Hal entrò in cucina, la custodia di una macchina fotografica appesa a un braccio e un fucile stretto nell’incavo del gomito dell’altro. Tutto vestito di nero, come aveva consigliato Matt, era visibilmente eccitato, ma, avesse provato anche solo un po’ di paura e tensione, queste le nascondeva bene. Conoscendo il senso d’avventura dello zio, Matt non se ne stupì affatto.
«E con Freddy siamo in quattro», disse Hal allegramente. «Il nostro uomo della sicurezza dovrebbe arrivare a momenti. Con l’arma che porterà lui, più la mia vecchia Occhio di Falco e la tua pistola, dovremmo essere meglio equipaggiati di quanto fossi stato tu quando sei entrato nel deposito con Lewis Slocumb, entrambi disarmati.»

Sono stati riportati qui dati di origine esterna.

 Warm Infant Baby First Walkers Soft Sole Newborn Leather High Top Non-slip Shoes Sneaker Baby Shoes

«Credimi, sono molto più bravo a correre che a sparare. Speriamo che non. succeda niente. È stato un caso che le guardie abbiano fatto il loro giro in quel momento. Sono entrate nella caverna senza immaginare che fossimo lì. Questa notte dovremo solo stare all’erta. Non ci saranno guai.»
«Penso di no», concordò Hal. «Sei sicuro di riuscire a portarci là?»

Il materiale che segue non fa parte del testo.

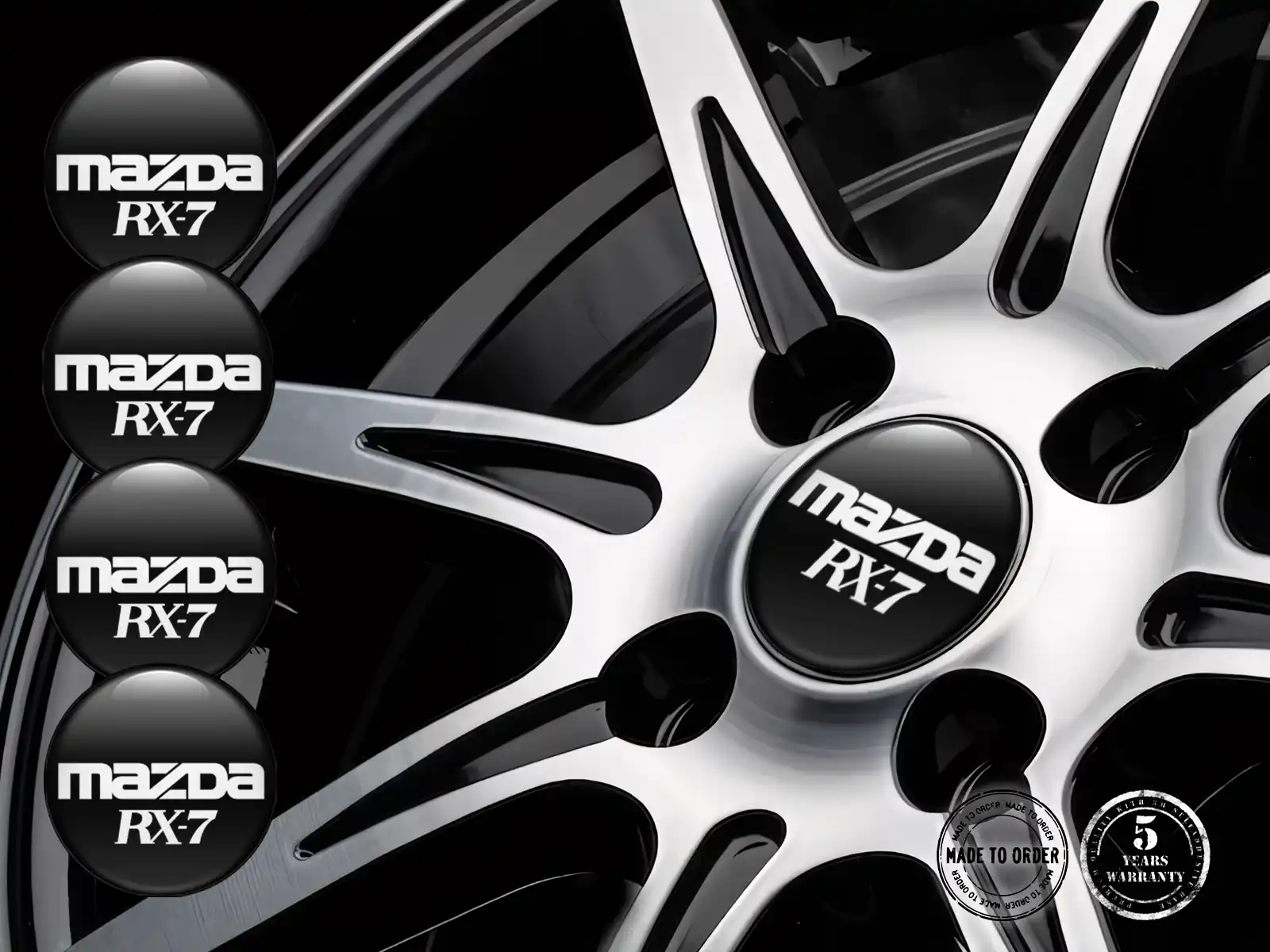 Mazda Pegatina de Silicona Logo Calcomanías de Rueda de Lujo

«Ho prestato molta attenzione al percorso, entrando, devi fidarti di me. Dopo ciò che è successo a Lewis, non mi pare giusto coinvolgere di nuovo gli Slocumb, anche se sono certo che uno degli altri fratelli ci accompagnerebbe, se lo chiedessi. Hanno fatto abbastanza. È un miracolo che Lewis sia ancora vivo.» Se lo è ancora.
Carabetta bussò alla porta d’entrata e gli venne aperto. Aveva un aspetto un po’ ridicolo in maglione nero e berretto da guardia, ma appesa alla spalla aveva una Pentax molto sofisticata e uno stretto astuccio in pelle che Matt arguì contenesse arnesi per raccogliere campioni. Dal momento in cui era entrato in casa, il funzionario dell’OSHA era parso a disagio.